> _WHAT THE EXERCISE ASKS_: Output all records verbatim.

> _MATERIAL PROVIDED_:
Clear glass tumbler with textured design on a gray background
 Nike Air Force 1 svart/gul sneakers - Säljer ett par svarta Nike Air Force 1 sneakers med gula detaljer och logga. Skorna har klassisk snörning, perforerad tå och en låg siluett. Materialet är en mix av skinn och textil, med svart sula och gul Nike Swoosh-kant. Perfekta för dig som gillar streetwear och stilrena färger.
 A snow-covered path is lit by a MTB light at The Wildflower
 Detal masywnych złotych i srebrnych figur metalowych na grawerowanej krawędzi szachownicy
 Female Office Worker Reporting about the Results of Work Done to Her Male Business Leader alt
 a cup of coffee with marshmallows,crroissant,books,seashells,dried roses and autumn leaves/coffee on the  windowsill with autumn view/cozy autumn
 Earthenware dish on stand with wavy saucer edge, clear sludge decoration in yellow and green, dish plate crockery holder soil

> _WRITTEN SOLUTION_:
Clear glass tumbler with textured design on a gray background
 Nike Air Force 1 svart/gul sneakers - Säljer ett par svarta Nike Air Force 1 sneakers med gula detaljer och logga. Skorna har klassisk snörning, perforerad tå och en låg siluett. Materialet är en mix av skinn och textil, med svart sula och gul Nike Swoosh-kant. Perfekta för dig som gillar streetwear och stilrena färger.
 A snow-covered path is lit by a MTB light at The Wildflower
 Detal masywnych złotych i srebrnych figur metalowych na grawerowanej krawędzi szachownicy
 Female Office Worker Reporting about the Results of Work Done to Her Male Business Leader alt
 a cup of coffee with marshmallows,crroissant,books,seashells,dried roses and autumn leaves/coffee on the  windowsill with autumn view/cozy autumn
 Earthenware dish on stand with wavy saucer edge, clear sludge decoration in yellow and green, dish plate crockery holder soil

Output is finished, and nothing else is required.